A week after his Zepplinesque implosion at Augusta — leading by four going into the final round he shot 80 — McIlroy blew another winning position in Malaysia over the weekend.

He’s now won only once — at the 2009 Dubai Desert Classic — after holding at least a share of the third-round lead five times in his career.

McIlroy had a three-shot cushion with four holes to play in his delayed third round at the Malaysian Open, but two double bogeys on Sunday saw him finish two shots behind the winner, the impressive young Italian, Matteo Manassero.

McIlroy is a class act, and it was no surprise that his first Twitter entry after the loss was a tip of the hat to Manassero, who now has two professional wins before his 18th birthday.

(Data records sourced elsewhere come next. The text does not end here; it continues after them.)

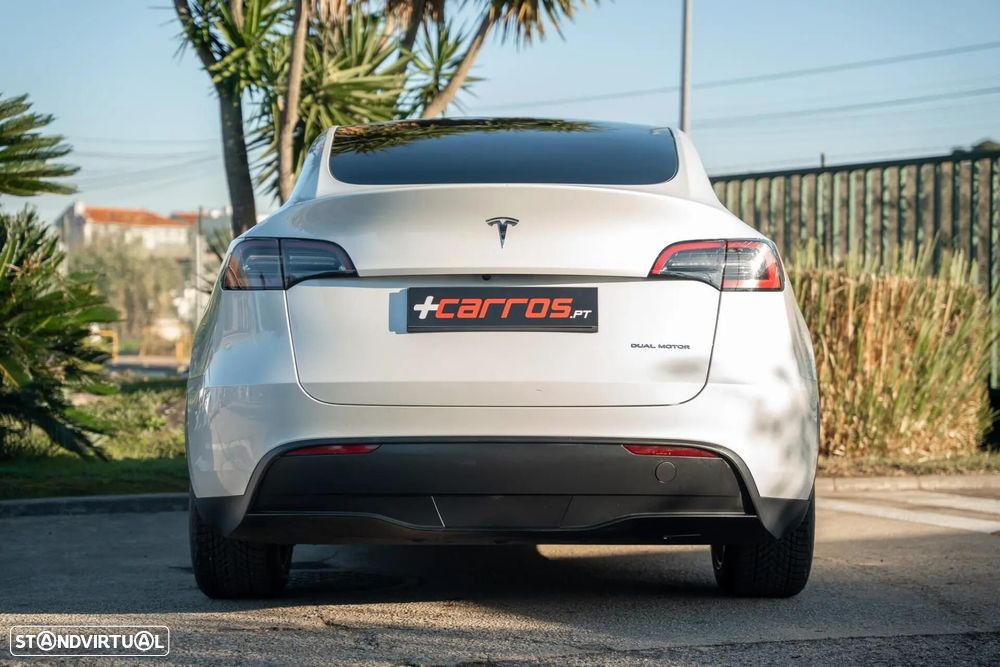 Tesla Model Y Long Range Dual Motor AWD - 4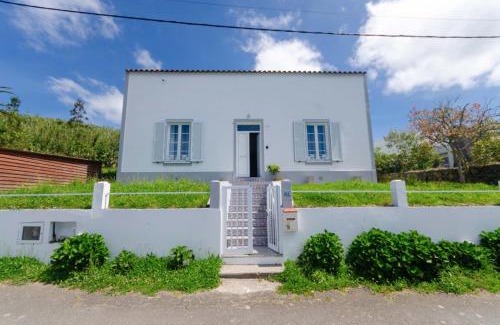 Ponta Delgada Casa | Candelária House
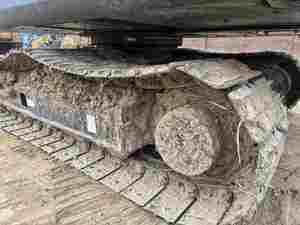 Excavatrice de 3 tonnes pour l'abattage d'arbres et le creusement de fossés - Product Image 6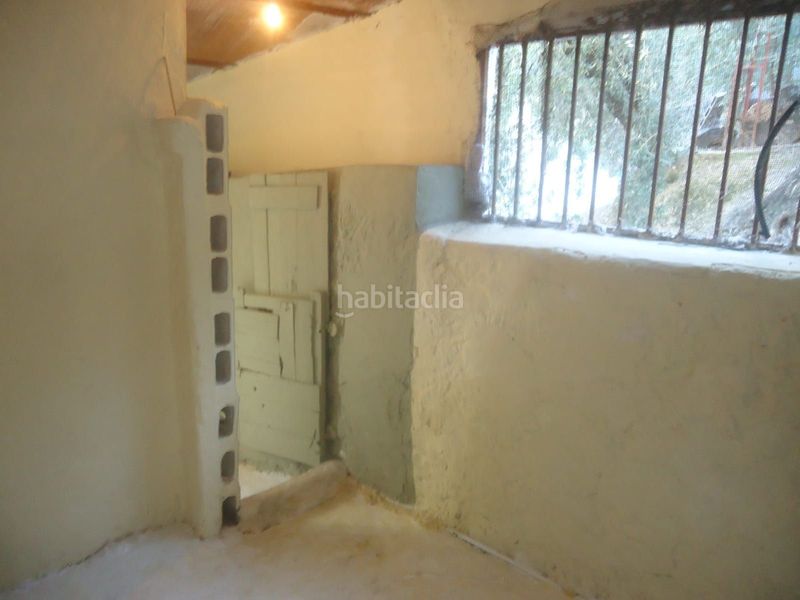 Foto df760f06-a1dd-4a08-9dd0-827dc06e2d43. Masía en Iznájar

“Well done, Manny! What a player for 17!!” McIlroy wrote.

McIlroy said after the round that he was “pretty disappointed” but called the experience “a good week,” especially given he was fresh from his Masters disappointment and had to fly 30 hours across the world to play.

And, in a sense, it was a good week, because the third-place finish has now catapulted him to seventh in the world rankings.

“I started out really well and to shoot the scores I did considering the traveling is a pretty good effort,” he said.

“I'm proud of myself at how I picked myself up from last week and the way I came back on the back nine today."

All of that’s perfectly valid and true, but the fact remains he should’ve won the tournament.

He didn’t chop wood in the final round — he made seven birdies.

Seven birdies should’ve been enough to win.

But it wasn’t. All those circles on his card added up to only a 3-under-par 69 because McIlroy has a fatal flaw in his golf game.

He’s an erratic putter.

When he makes mistakes, as he did Sunday, he can’t count on his short game, especially his putter, to save him.

Indeed, as we saw at the Masters, the flatstick’s just as likely to bury him deeper in the morass.

For all that was made about his collapse around Amen Corner last week, the truth is that even after the triple-bogey debacle on the 10th, he hit two pure shots to have a 15-foot birdie look on the 11th, the toughest hole at Augusta National.

But he then 3-putted. On the 12th, the danger lies in the tee shot. But the young Ulsterman hit a fine approach, only to 4-putt from 20 feet.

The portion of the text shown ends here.